Let us first acknowledge that Nikol Pashinyan has good reasons for his pivot to the West, which is now paying dividends in the high profile public support he is receiving. The picture of the Armenian Prime Minister with the US Secretary of State, Antony Blinken, EU Commission President Ursula Von der Leyen and High Representative for Foreign Affairs and Security, Josep Burrell, is, no doubt, meant as an important geopolitical signal.
The Baku based news agency Caliber revealed the startling agreements concluded between the US, EU and Armenia, at Brussels.
The United States will provide Yerevan with expert support for the Strategic Defence Review and the development of Armenia’s new military doctrine. Bilateral military cooperation will be aligned with Armenia’s cooperation with NATO in realising the partnership objectives of the Planning and Exploration Process (PARP) and the Operational Capabilities Concept (OCC).
The United States will provide the assistance necessary to significantly develop Armenia’s military and defence capabilities and strengthen border control and security, with particular attention to the border with Iran. Washington will send analytical teams to Armenia to conduct an on-site assessment of air force and air defence capabilities, taking into account Armenia’s integration into the CSTO Joint Air Defence System.
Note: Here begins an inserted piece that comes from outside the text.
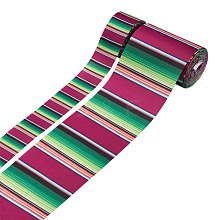 2Rolls 2 Styles Stripe Pattern Printed Polyester Grosgrain Ribbon OCOR-TA0001-37M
The US will provide funds to Armenia under the Foreign Military Financing (FMF) programme to facilitate its access to advanced military equipment and the latest technology. The US Armed Forces will participate in joint military exercises and training with the Armenian Armed Forces to ensure interoperability and will strengthen Armenia’s defence capabilities through the International Military Education and Training (IMET) programme. Washington will also work to accelerate the widespread use of GPS (Global Positioning System) technology throughout Armenia, which has proved so important in Ukraine.
The European Union will accept an aid package under the European Peace Facility (EPF) in support of the Armenian Armed Forces. This package aims to strengthen Armenia’s national security, stability and sustainability in the defence sector. It will also improve operational effectiveness, accelerate compliance with EU and NATO standards, and ensure the interoperability of the Armenian Armed Forces. The assistance package also aims to strengthen the capacity of the Armenian Armed Forces to participate in operations and missions under the EU Common Security and Defence Policy (CSDP).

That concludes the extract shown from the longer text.